Today though, three months after my contract ended with O2, I received the latest and greatest handset. Apple sold two million pre-ordered iPhone 5’s in 24 hours, doubling the sales record they set with the 4S of ‘just’ one million over the same period. I was lucky enough to have ordered before delivery times slipped to over three weeks.
I ripped open the DPD delivery bag, tore the nano sim-card off the sim holder and then removed the box for the phone. At which point, I slowed down. Un-boxing any Apple product is always a pleasure, it’s so well thought out. I scored the plastic wrapping around the bottom and removed the lid. At first glance, it’s just an elongated 4S.
Then I took it out. And wow. I don’t deny being an Apple fanboy but the weight and depth they’ve removed from the previous generation is incredible. It immediately felt light in the hand, significantly so. And the thinness too, it’s impossibly thin. Apple says it’s 18% thinner and 20% lighter which is no mean feat. The internals are so tightly packed in that it’s frankly amazing they crammed in two even better cameras.

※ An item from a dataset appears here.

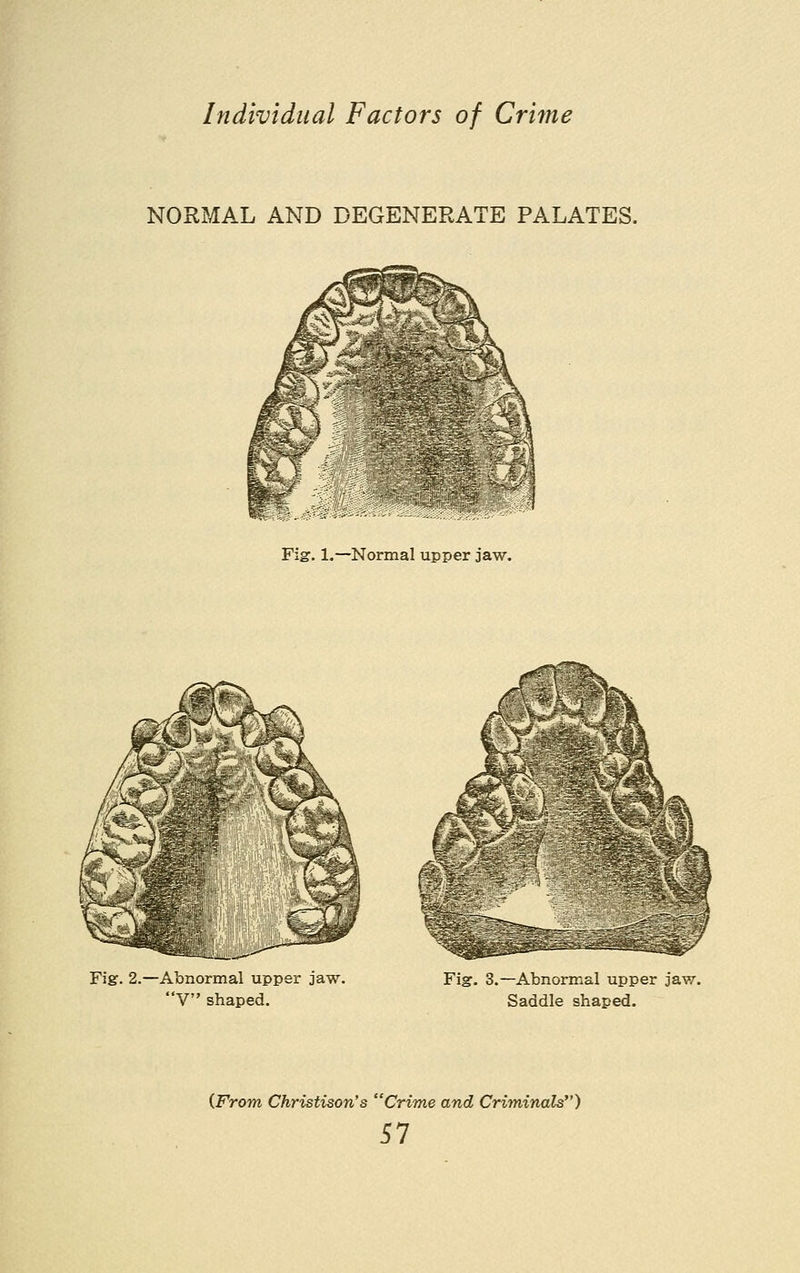 NORMAL AND DEGENERATE PALATES. SJSiJ^?!/i4g%|5f2fWsK¥?--;SSJ?!5S Fig. 1.—Normal upper jaw. Fig. 2.—Abnormal upper jaw. V shaped. Fig. 3.—Abnormal upper jaw. Saddle shaped. {From Christison's Crime and Criminals)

The black version now sports a black anodised aluminium band around the outside which is chamfered to both the front and the back. No more flat, angular ridges but seamless integration. The whole device feels totally solid, a premium product – as we’re used to – but even more so. The looks of the Galaxy Nexus still rival it, but the build quality is nowhere close. This is an Audi and that’s a Vauxhall.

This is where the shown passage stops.